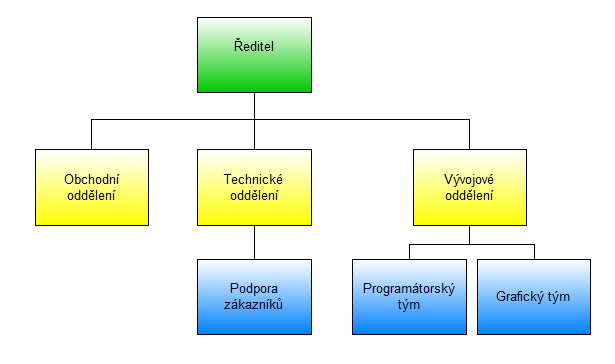 2 Organizační struktura 3 Má pozice ve firmě Ve firmě zastávám pozici ředitele vývojového oddělení.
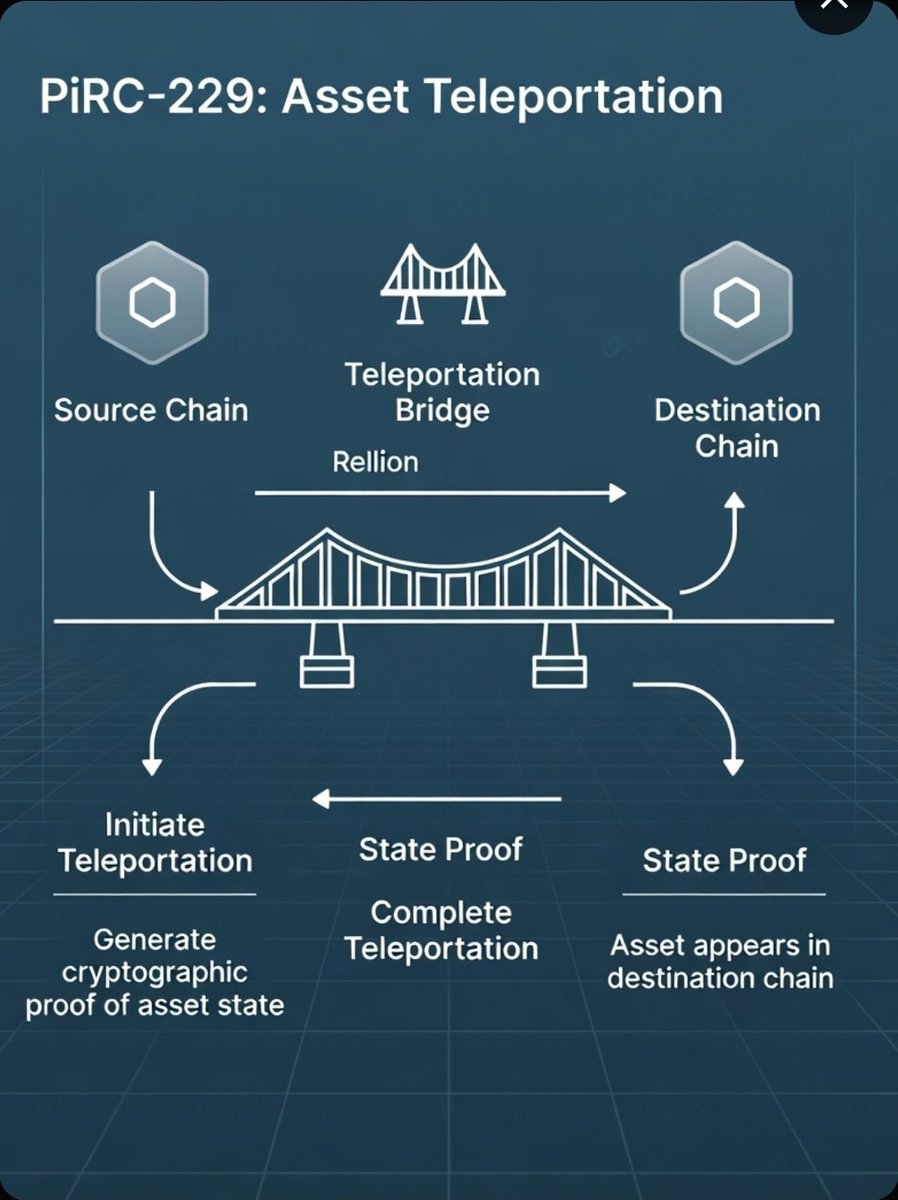 Kamelkadah99's tweet image. First of all, hello brother. In your bio, you claim to lead 500 groups, that you've been on Pinework since 2019, and that you only accept team approvals. If the team hasn't recommended that we contribute and innovate
🧶🧵🧶🧵
#pinetwork #picoin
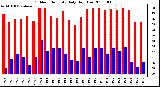 Milwaukee Weather Outdoor Humidity Daily High/Low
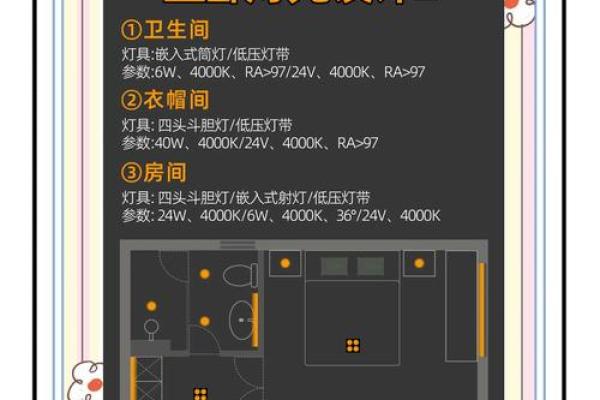 主卧灯饰风水与家具如何搭配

+ + + +

Without the pictures, reproduce every entry exactly as written.

 2 Organizační struktura 3 Má pozice ve firmě Ve firmě zastávám pozici ředitele vývojového oddělení.
 Kamelkadah99's tweet image. First of all, hello brother. In your bio, you claim to lead 500 groups, that you've been on Pinework since 2019, and that you only accept team approvals. If the team hasn't recommended that we contribute and innovate
🧶🧵🧶🧵
#pinetwork #picoin
 Milwaukee Weather Outdoor Humidity Daily High/Low
 主卧灯饰风水与家具如何搭配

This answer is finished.